Skip to main content

Ivan Henry hugs his daughters Tanya, left, and Kari after he was acquitted of eight counts of rape from a conviction in 1983 which sent him to prison for 27 years.John Lehmann/The Globe and Mail

The Supreme Court of Canada is hearing an appeal from a B.C. man whose lawyers say he deserves financial compensation for spending 27 years in prison for several sexual assaults he did not commit.

Ivan Henry filed civil lawsuits in 2001 against the provincial and federal attorneys general, the City of Vancouver and three members of its police department.

In 2010, the B.C. Court of Appeal overturned Henry's convictions after citing problems with the police investigation, the trial judge's instructions to the jury and lack of disclosure of evidence.
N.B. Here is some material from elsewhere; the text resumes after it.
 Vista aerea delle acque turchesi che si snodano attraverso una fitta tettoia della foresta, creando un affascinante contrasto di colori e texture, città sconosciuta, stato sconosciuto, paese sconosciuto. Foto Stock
Henry represented himself at trial in 1983, when he was convicted of three counts of rape, two counts of attempted rape and five counts of indecent assault in attacks on eight women in Vancouver.
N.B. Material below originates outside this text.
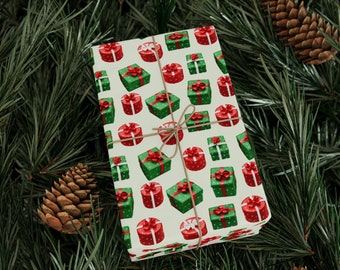 Christmas Gift Wrapping Paper Vintage Holiday Gift Wrap Faux Embroidered Christmas Gift Wrap Christmas Wrapping Paper Christmas Gift Paper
The B.C. Appeal Court has heard that new evidence surfaced during a 2002 police investigation involving another offender who was implicated in 29 cases and lived in the same neighbourhood as Henry.

The Crown has argued in lower courts that the claim should not proceed because prosecutors did not act maliciously.
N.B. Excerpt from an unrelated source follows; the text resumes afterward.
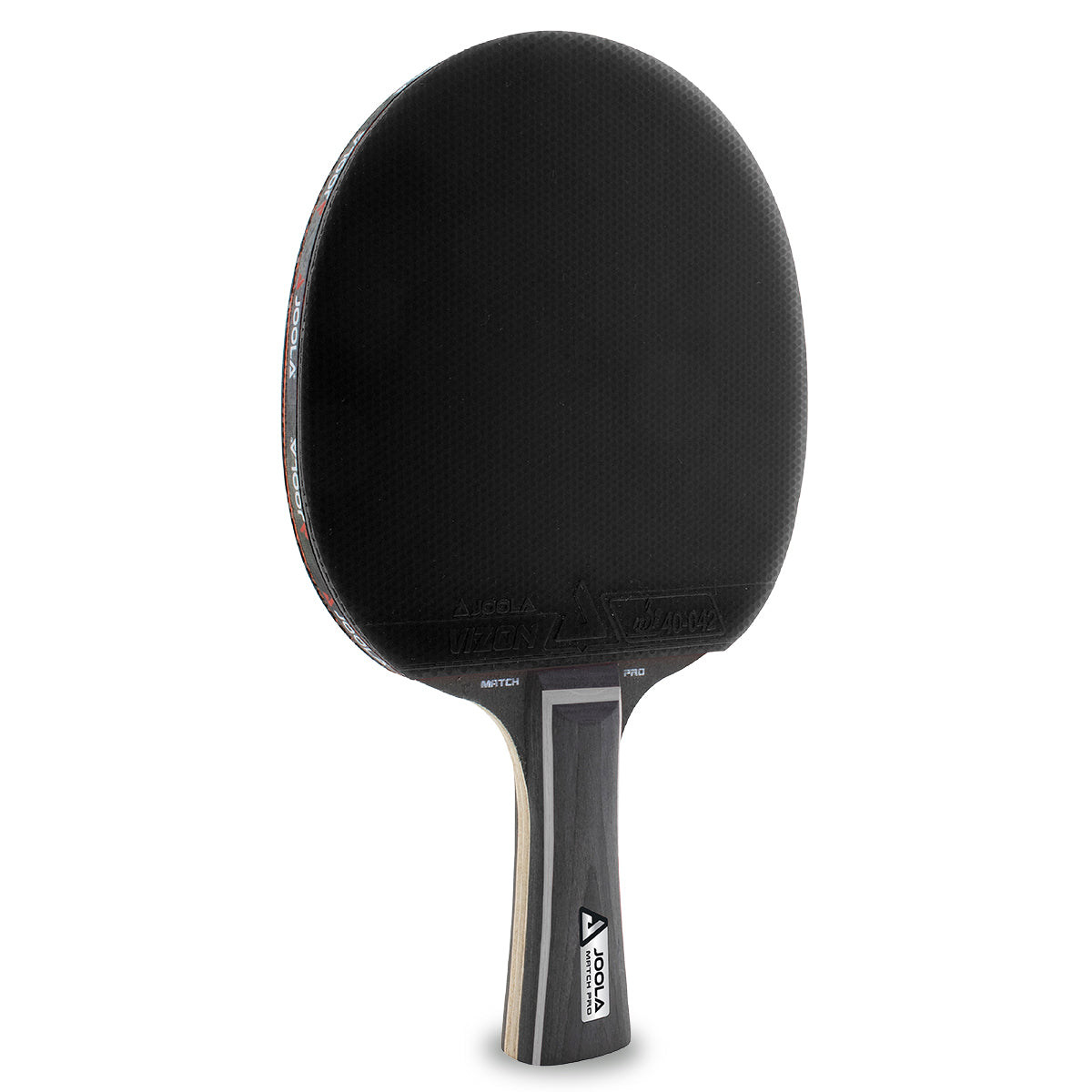 White background, JOOLA Table Tennis racket, JOOLA Black Duo Pro surface and black and gray handle.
The BC Civil Liberties Association and the David Asper Centre, which are intervening in the case, say malice has no role to play in awarding damages.

The groups say they will argue that such an approach fails to recognize the distinct nature of claims for damages under the Charter of Rights and Freedoms.

"Such claims target the state, as opposed to individual prosecutors, and also fulfil the public functions of highlighting the importance of protecting charter rights and deterring future charter breaches."

Henry was arrested in July 1982 in 100 Mile House, B.C., and spent the next 12 years of his indeterminate sentence in a Saskatchewan prison, away from his family. His wife died in 1990.

In 2009, one of Henry's two daughters said outside the Appeal Court of B.C. that her father's sex convictions and dangerous-offender designation had taken an emotional toll on the family.

Tanya Henry said the family was kicked out of neighbourhoods and moved several times to try and hide their identity.

"We have children who don't know their grandfather," she said.